General characteristics
- Class & type: Barrett-class transport
- Displacement: 17,630 tons
- Length: 533.9 ft (162.7 m)
- Beam: 73.3 ft (22.3 m)
- Draught: 27.1 ft (8.3 m)
- Propulsion: Single screw steam turbine
- Speed: 19 knots (35 km/h; 22 mph)
- Complement: 203 civilian mariners and 27 US Navy personnel; 392 dependents / passengers; 1,500 troops

= USNS Upshur =

USNS Upshur (T-AP-198), was a Barrett-class transport named in honor of Major General William P. Upshur of the United States Marine Corps.

The hull of Upshur was laid down on 1 September 1949 by the New York Shipbuilding Corporation in Camden, New Jersey as the SS President Hayes. Designed in 1947 as a passenger-cargo ship for the American President Lines' post-World War II replacement program, before she was completed in her civilian configuration, she was requisitioned by the U.S. Navy at the outbreak of the Korean War and converted for troop and dependent transport. Reassigned to the US Navy and renamed USNS Upshur, she served the Military Sea Transportation Service from 1952 to 1973. Over her years of service she performed many routine missions, carrying military members and their families safely across the seas in an era when air travel was uncommon, as well as special missions, such as the emergency evacuation of military families from Guantanamo Bay Naval Base in 1962.
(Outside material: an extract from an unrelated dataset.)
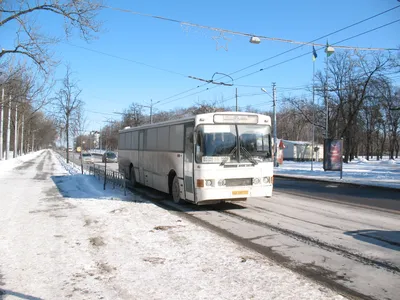 Зимний мир в объективе: Из окна автобуса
In 1973 USNS Upshur was placed out of service and transferred to the United States Maritime Administration (MARAD), and provided to the Maine Maritime Academy for use as a merchant marine training ship. Renamed TV State of Maine, she served from 1973 to 1995 in service of the academy, with temporary assignments to the Massachusetts Maritime Academy.

In 1995 ex-USNS Upshur was transferred to the U.S. Coast Guard and relocated to Mobile, Alabama as a platform for testing maritime firefighting technology by the U.S. Coast Guard Fire & Safety Test Detachment in Mobile.

In 2005, Hurricane Katrina broke the ex-USNS Upshur free of her moorings and settled her 500 feet across the Mobile River on the bank of a coal terminal. In 2008 she suffered further damage when Hurricane Ike hit the area, and the vessel bottomed out and sat at a ten‐degree list. According to Google Earth, the vessel was removed from Little Sand Island between May 2010 and July 2011.

USNS Upshur is associated with noted naval architect George G. Sharp and participated in several notable events in U.S. history, but, based on her current condition, MARAD has determined that she is not eligible for listing on the National Register of Historic Places.

Upshur was scrapped at Brownsville, Texas in 2011.